Rob Goss samples the incredible array of sweet and savoury treats available at various locations around the city
Japan doesn’t have much of a culture for eating while walking, but that doesn’t mean there’s no street food – just that people tend to stop to enjoy it. And whether sweet or savoury, light or laden with calories, there’s absolutely loads of it to stop for.
For street food full of colour and fun, head to the fashionable streets of Harajuku – indulgent crepe capital of Tokyo. Marion Crepes on the teen fashion focused Takeshita-dori is the most famous, having been here since the 1970s, and they don’t hold back on the portions. Freshly cooked to order on hot plates, the crepes can be filled with close to 100 combinations of fruit, drizzled sauces, ice cream, and whipped cream, and even be bulked up further with chunks of cheesecake or chocolate brownies. While Marion is an institution, other sweet street food trends come and go (and occasionally stick around) with incredible regularity in Harajuku, so part of the fun is that you never know what you might find – rainbow coloured cheese toasties, panda and pig-shaped ice creams and tapioca bubble tea spring to mind as fairly recent trends.
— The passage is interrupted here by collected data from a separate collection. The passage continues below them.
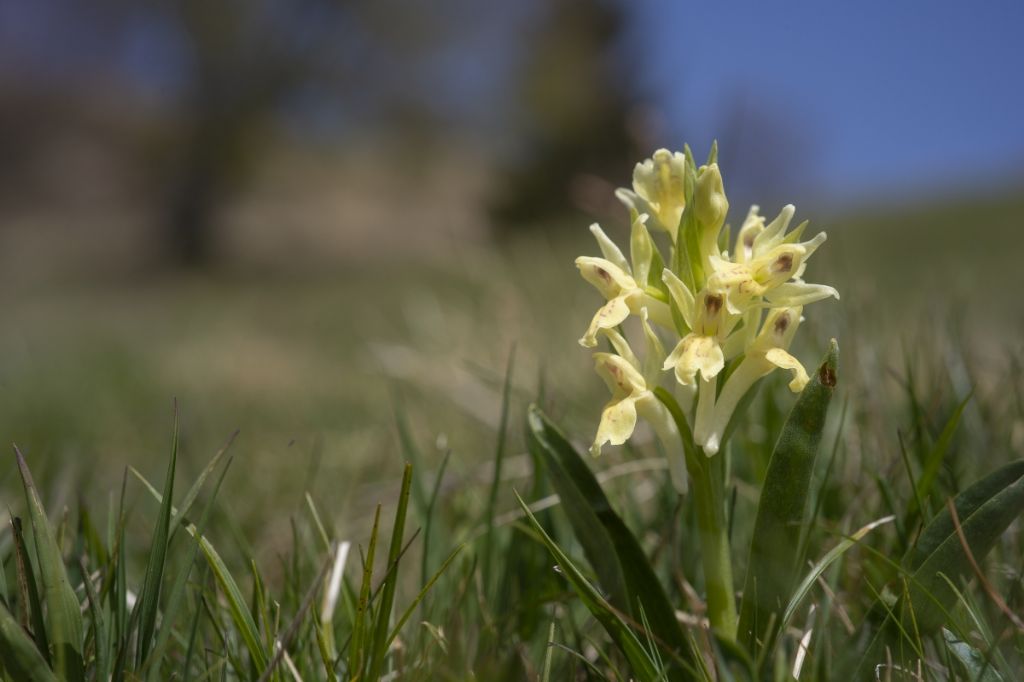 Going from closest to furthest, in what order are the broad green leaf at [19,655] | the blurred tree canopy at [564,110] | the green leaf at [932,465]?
1. the broad green leaf at [19,655]
2. the green leaf at [932,465]
3. the blurred tree canopy at [564,110]

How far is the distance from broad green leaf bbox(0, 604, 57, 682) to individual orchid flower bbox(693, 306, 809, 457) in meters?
0.68

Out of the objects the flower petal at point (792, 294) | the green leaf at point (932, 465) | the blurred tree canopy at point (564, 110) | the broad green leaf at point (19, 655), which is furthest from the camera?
the blurred tree canopy at point (564, 110)

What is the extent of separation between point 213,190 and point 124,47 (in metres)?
3.73

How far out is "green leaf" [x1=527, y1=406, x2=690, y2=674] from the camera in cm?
97

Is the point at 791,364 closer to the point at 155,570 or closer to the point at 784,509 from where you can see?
the point at 784,509

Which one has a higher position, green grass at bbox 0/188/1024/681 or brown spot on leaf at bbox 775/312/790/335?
brown spot on leaf at bbox 775/312/790/335

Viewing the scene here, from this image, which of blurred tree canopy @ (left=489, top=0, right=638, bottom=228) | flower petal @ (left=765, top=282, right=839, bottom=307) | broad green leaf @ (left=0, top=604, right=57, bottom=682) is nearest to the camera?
broad green leaf @ (left=0, top=604, right=57, bottom=682)

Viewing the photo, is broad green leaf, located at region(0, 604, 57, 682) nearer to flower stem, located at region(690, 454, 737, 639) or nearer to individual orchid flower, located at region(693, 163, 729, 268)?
flower stem, located at region(690, 454, 737, 639)

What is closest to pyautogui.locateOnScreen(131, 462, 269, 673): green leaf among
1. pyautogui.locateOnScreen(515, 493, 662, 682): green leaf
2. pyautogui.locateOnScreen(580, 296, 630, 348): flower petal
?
pyautogui.locateOnScreen(515, 493, 662, 682): green leaf

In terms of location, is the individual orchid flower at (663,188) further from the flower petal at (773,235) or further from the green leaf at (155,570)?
the green leaf at (155,570)

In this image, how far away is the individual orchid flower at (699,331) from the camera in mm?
889

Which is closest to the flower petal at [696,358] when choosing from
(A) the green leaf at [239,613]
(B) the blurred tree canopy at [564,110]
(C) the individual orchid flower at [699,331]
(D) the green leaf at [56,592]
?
(C) the individual orchid flower at [699,331]

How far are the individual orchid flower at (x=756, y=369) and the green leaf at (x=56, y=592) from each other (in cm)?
65

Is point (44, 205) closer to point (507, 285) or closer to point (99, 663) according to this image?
point (507, 285) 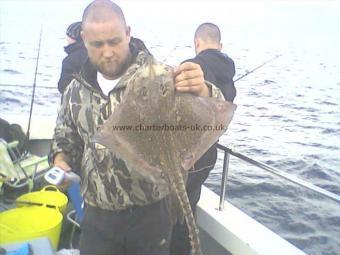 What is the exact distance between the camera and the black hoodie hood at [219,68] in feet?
12.2

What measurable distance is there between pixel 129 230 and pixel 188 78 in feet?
3.35

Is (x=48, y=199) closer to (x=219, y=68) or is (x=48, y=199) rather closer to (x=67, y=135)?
(x=67, y=135)

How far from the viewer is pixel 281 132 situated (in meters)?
12.1

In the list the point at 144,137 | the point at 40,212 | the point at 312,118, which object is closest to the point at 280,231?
the point at 40,212

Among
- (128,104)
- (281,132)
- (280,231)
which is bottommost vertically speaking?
(280,231)

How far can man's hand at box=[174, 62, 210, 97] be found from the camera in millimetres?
2076

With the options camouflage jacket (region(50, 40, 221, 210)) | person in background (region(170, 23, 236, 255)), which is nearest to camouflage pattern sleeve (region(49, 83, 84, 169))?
camouflage jacket (region(50, 40, 221, 210))

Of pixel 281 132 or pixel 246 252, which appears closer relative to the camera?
pixel 246 252

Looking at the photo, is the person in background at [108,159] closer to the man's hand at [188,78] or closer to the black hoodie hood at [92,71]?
the black hoodie hood at [92,71]

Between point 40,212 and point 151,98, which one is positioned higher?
point 151,98

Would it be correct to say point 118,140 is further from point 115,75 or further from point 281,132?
point 281,132

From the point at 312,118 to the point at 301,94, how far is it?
3.98 metres

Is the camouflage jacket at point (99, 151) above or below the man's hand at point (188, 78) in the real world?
below

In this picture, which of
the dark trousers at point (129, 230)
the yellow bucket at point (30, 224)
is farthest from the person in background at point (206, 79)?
the yellow bucket at point (30, 224) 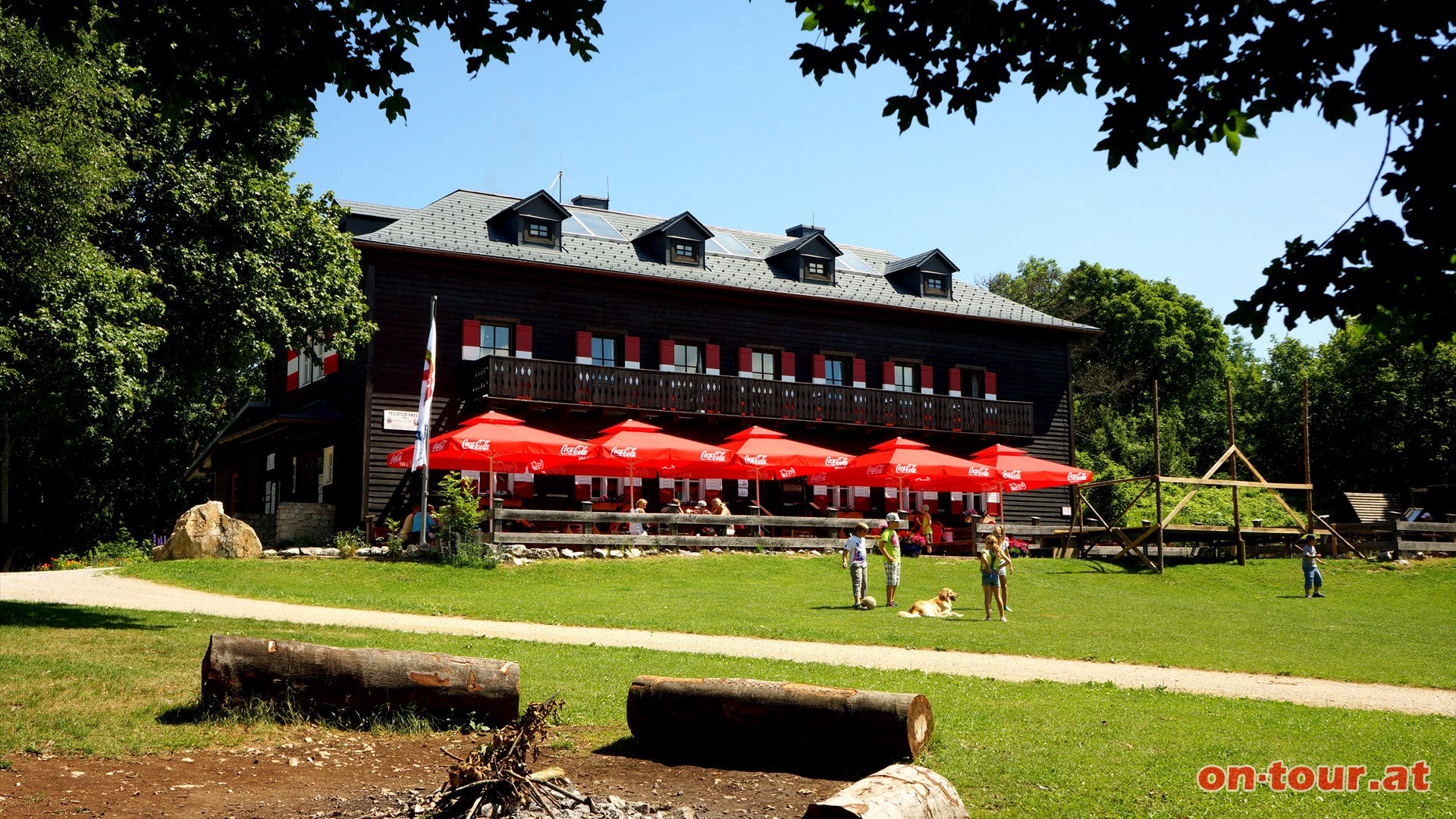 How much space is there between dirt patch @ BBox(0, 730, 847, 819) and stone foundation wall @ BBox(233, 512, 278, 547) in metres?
21.4

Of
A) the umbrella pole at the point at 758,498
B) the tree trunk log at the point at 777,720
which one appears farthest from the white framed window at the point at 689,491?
the tree trunk log at the point at 777,720

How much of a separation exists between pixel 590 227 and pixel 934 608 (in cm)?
1981

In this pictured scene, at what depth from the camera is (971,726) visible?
8859 millimetres

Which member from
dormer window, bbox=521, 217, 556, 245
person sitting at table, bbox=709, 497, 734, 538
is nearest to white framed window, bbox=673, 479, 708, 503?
person sitting at table, bbox=709, 497, 734, 538

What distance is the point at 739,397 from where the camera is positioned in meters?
32.5

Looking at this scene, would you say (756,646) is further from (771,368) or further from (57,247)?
(771,368)

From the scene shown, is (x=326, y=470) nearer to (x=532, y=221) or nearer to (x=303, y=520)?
(x=303, y=520)

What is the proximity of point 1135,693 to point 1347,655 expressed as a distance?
19.3 ft

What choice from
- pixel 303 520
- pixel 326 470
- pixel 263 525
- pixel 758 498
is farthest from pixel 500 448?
pixel 326 470

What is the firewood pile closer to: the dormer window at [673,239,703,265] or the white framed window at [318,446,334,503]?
the white framed window at [318,446,334,503]

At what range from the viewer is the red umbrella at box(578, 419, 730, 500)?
25.2 m

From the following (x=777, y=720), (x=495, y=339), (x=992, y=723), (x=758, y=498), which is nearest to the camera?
(x=777, y=720)

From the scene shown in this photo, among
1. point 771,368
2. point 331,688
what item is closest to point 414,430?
point 771,368

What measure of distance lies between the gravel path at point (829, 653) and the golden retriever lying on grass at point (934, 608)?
3.94 meters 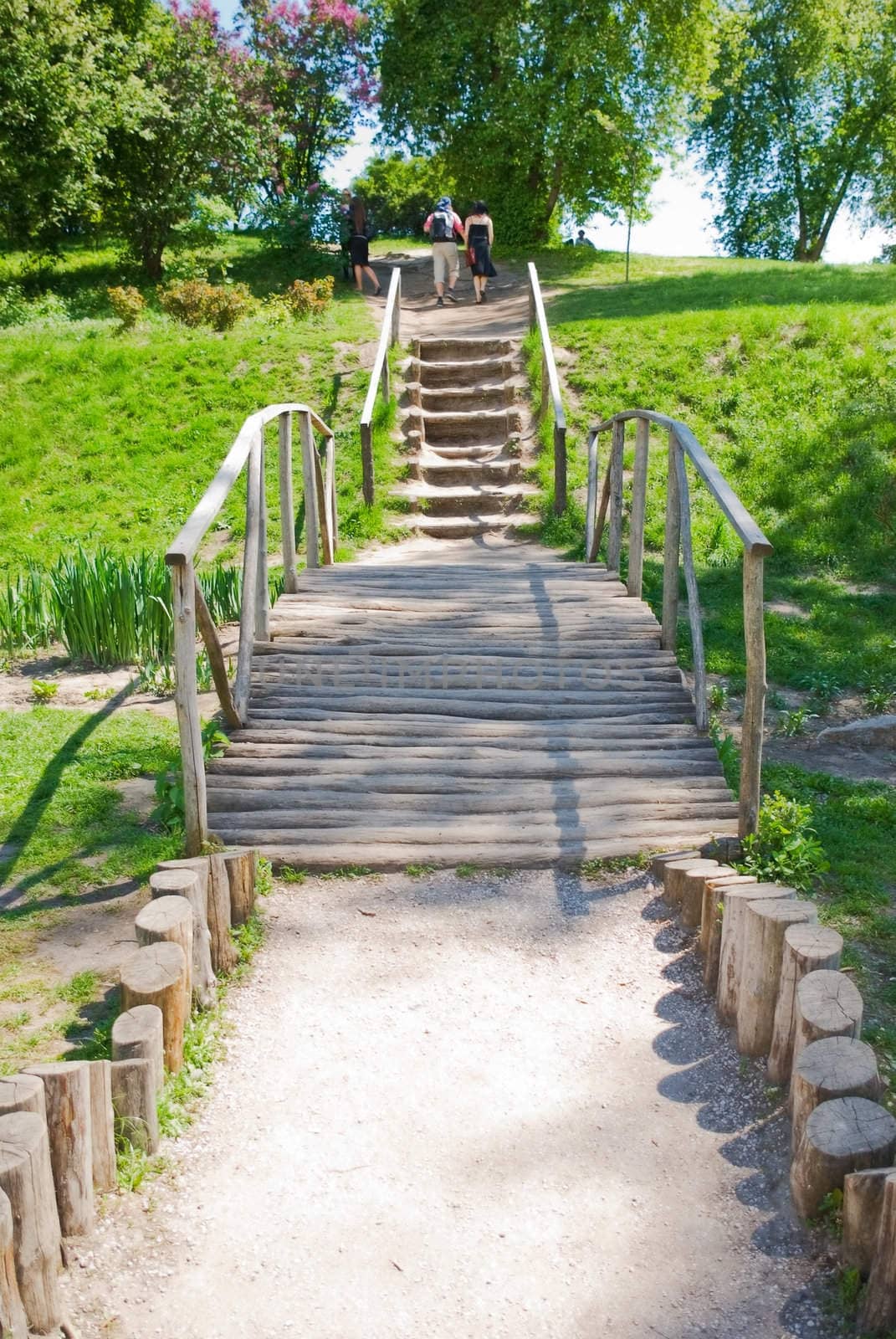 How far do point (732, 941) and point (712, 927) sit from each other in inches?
12.3

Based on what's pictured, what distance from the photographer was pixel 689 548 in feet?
18.6

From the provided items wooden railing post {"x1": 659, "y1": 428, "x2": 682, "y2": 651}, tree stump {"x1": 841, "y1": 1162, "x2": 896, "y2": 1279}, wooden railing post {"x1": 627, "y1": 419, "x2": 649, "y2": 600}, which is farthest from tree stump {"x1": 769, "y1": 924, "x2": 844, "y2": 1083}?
wooden railing post {"x1": 627, "y1": 419, "x2": 649, "y2": 600}

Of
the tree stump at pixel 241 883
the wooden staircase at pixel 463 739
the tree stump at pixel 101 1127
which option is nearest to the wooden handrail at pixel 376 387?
the wooden staircase at pixel 463 739

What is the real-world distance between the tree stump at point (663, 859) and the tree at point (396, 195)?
25.3 meters

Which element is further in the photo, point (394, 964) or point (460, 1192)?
point (394, 964)

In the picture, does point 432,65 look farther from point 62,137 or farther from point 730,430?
point 730,430

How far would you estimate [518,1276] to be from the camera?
267cm

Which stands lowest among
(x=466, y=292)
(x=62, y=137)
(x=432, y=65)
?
(x=466, y=292)

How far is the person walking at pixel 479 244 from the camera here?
51.2 ft

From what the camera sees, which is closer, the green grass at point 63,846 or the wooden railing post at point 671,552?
the green grass at point 63,846

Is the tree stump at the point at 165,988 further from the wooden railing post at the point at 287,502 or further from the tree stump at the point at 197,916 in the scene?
the wooden railing post at the point at 287,502

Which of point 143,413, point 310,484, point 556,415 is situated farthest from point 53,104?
point 310,484

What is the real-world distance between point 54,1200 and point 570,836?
2.65m

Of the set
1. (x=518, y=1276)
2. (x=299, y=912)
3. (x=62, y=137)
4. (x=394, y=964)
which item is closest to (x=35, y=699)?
(x=299, y=912) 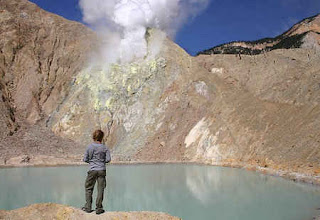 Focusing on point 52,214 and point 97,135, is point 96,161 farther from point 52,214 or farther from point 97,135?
point 52,214

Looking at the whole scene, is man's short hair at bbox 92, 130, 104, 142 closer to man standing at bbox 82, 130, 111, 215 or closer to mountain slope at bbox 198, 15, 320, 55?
man standing at bbox 82, 130, 111, 215

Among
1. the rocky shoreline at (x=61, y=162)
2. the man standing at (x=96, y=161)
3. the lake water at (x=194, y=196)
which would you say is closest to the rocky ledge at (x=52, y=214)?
the man standing at (x=96, y=161)

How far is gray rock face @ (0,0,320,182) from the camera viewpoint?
3653 cm

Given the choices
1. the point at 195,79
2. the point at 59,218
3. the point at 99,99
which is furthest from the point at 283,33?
the point at 59,218

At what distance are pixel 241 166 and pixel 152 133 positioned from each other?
47.4ft

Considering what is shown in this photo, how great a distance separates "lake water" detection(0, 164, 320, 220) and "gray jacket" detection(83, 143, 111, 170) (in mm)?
6115

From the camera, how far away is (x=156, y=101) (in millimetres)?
49500

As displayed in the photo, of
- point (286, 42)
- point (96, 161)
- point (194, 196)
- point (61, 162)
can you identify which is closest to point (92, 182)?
point (96, 161)

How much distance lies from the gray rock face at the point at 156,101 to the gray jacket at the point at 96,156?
23.4 meters

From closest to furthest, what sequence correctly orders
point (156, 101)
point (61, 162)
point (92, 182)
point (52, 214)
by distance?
point (52, 214), point (92, 182), point (61, 162), point (156, 101)

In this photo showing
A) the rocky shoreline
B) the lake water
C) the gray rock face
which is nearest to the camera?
the lake water

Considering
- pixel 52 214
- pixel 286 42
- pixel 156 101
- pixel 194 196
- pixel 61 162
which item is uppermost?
pixel 286 42

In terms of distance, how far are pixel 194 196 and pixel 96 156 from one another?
1085 cm

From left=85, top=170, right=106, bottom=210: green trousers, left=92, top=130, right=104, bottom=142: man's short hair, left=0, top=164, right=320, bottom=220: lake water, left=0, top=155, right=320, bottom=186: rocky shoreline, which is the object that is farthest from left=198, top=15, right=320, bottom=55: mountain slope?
left=85, top=170, right=106, bottom=210: green trousers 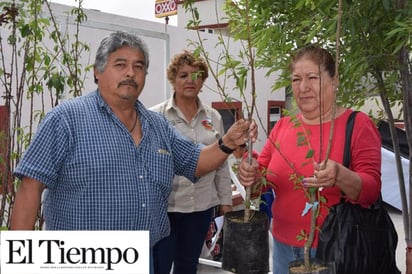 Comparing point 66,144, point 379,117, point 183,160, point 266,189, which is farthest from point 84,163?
point 379,117

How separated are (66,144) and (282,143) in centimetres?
97

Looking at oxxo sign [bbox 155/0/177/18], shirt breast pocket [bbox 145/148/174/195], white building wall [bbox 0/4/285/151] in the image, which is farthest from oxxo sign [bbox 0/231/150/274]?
oxxo sign [bbox 155/0/177/18]

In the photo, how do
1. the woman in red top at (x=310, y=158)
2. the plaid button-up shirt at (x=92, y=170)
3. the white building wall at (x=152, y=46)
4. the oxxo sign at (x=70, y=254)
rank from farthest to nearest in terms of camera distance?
the white building wall at (x=152, y=46), the woman in red top at (x=310, y=158), the plaid button-up shirt at (x=92, y=170), the oxxo sign at (x=70, y=254)

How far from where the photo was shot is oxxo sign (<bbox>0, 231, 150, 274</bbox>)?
63.0 inches

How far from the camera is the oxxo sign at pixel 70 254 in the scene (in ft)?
5.25

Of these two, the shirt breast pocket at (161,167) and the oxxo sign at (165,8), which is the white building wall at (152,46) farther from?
the shirt breast pocket at (161,167)

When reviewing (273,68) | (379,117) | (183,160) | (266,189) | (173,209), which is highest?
(273,68)

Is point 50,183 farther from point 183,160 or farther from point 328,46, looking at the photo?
point 328,46

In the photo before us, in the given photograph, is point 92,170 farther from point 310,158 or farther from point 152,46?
point 152,46

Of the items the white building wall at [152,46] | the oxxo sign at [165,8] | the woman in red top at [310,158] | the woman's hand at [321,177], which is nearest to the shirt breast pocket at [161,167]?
the woman in red top at [310,158]

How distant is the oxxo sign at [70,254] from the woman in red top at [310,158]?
2.09 ft

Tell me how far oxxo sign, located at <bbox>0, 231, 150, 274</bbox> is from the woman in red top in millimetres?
637

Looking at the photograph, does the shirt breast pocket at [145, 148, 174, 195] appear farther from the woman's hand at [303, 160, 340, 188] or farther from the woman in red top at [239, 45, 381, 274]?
the woman's hand at [303, 160, 340, 188]

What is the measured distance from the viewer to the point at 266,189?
2.28 m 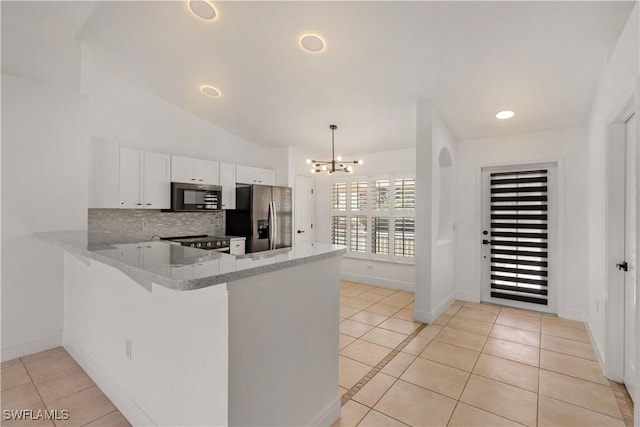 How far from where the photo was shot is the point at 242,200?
5.11 meters

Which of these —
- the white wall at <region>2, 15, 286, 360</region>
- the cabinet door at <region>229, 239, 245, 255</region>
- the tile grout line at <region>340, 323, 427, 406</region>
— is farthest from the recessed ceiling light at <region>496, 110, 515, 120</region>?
the white wall at <region>2, 15, 286, 360</region>

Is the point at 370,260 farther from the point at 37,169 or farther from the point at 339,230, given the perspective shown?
the point at 37,169

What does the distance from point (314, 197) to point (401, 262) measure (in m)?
2.29

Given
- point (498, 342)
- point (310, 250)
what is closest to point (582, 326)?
point (498, 342)

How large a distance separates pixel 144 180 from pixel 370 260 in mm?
3936

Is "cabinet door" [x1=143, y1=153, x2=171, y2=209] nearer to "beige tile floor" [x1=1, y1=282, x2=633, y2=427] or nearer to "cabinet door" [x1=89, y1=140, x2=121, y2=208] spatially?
"cabinet door" [x1=89, y1=140, x2=121, y2=208]

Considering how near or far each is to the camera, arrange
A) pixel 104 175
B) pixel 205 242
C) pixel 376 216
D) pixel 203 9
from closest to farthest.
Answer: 1. pixel 203 9
2. pixel 104 175
3. pixel 205 242
4. pixel 376 216

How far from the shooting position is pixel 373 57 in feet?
9.42

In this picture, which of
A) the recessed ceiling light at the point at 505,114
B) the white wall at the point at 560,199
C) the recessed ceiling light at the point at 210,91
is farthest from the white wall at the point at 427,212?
the recessed ceiling light at the point at 210,91

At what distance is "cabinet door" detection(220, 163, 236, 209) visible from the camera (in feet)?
16.4

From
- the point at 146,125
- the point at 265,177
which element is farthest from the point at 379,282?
the point at 146,125

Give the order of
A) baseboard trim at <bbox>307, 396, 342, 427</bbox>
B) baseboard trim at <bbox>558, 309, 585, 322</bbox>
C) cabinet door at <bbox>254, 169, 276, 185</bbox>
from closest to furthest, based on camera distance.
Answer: baseboard trim at <bbox>307, 396, 342, 427</bbox> < baseboard trim at <bbox>558, 309, 585, 322</bbox> < cabinet door at <bbox>254, 169, 276, 185</bbox>

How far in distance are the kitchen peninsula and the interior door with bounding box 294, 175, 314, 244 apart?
155 inches

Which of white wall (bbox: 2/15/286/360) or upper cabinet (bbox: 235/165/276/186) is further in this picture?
upper cabinet (bbox: 235/165/276/186) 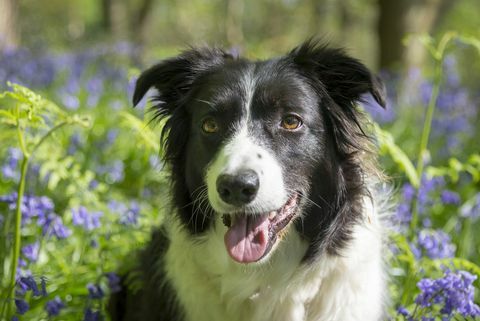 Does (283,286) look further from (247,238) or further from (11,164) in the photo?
(11,164)

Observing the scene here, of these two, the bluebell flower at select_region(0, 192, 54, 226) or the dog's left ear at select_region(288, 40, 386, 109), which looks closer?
the dog's left ear at select_region(288, 40, 386, 109)

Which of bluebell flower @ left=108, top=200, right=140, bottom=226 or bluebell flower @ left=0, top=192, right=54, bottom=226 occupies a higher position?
bluebell flower @ left=0, top=192, right=54, bottom=226

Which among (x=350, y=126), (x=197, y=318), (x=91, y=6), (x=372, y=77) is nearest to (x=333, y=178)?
(x=350, y=126)

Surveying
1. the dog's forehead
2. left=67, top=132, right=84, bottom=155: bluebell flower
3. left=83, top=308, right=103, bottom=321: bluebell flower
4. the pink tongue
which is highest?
the dog's forehead

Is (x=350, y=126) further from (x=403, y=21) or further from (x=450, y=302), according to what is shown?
(x=403, y=21)

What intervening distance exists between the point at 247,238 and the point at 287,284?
16.7 inches

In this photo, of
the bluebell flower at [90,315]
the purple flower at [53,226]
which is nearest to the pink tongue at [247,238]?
the bluebell flower at [90,315]

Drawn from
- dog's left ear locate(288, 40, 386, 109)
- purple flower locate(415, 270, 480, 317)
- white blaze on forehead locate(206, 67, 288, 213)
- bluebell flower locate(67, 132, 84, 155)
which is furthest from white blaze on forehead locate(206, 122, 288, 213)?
bluebell flower locate(67, 132, 84, 155)

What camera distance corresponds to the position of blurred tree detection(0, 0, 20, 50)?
8.03 m

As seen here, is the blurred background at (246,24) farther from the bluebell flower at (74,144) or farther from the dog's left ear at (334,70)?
the bluebell flower at (74,144)

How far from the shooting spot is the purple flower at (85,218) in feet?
12.8

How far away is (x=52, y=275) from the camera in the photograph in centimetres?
406

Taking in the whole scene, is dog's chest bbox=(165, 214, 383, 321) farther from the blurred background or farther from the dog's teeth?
the blurred background

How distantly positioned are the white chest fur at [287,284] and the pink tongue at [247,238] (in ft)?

One constant is that, whatever the food trend, it will be very Instagrammable.
Over in Asakusa in Taito-ku, the stall-lined approach to Sensoji Temple is another hunting ground for snacks on the go. Called Nakamise-dori, it’s home to traditional stores like Azuma, which specialises in kibi dango, dumplings made from rice flour and millet that get coated in soybean powder and served on a skewer – the result is a slightly sweet and moreishly chewy snack that goes perfectly with a Japanese tea. Another Nakamise-dori classic is Kokonoe’s age manju, soft mochi (rice cake) stuffed with sweet red bean paste and then deep fried until it’s crispy on the outside but with a piping-hot soft inside. If that whets the appetite for more, elsewhere along Nakamise-dori are stalls selling traditional snacks like savoury senbei rice crackers and bite-size sponge cakes filled with sweet red bean paste.
You can’t talk about street food with mentioning Tokyo’s army of mobile street vendors. If you are shopping in Ginza and want lunch outdoors, stop by the Tokyo International Forum, as it’s not just a lovely bit of contemporary architecture, at least a dozen food trucks will usually be there, serving international and Japanese flavours – coffee, roast beef sandwiches, rotisserie chicken, pizza, Indian curries, Okinawan taco rice bowls, organic bento lunch boxes and more, depending on the day. If you aren’t going to be in Ginza, every major business district will have a collection of lunch trucks somewhere to stumble upon.
The mobile stalls that set up at festivals are just as good, although they tend to follow a prescribed Japanese line-up. For starters, there’ll be yakisoba fried noodles, takoyaki (battered chunks of octopus), grilled squid, chargrilled yakitori chicken skewers and a kind of savoury pancake called okonomiyaki. For a sweet finish, expect candy floss, kakigori shaved ice and multi-coloured chocolate-covered bananas.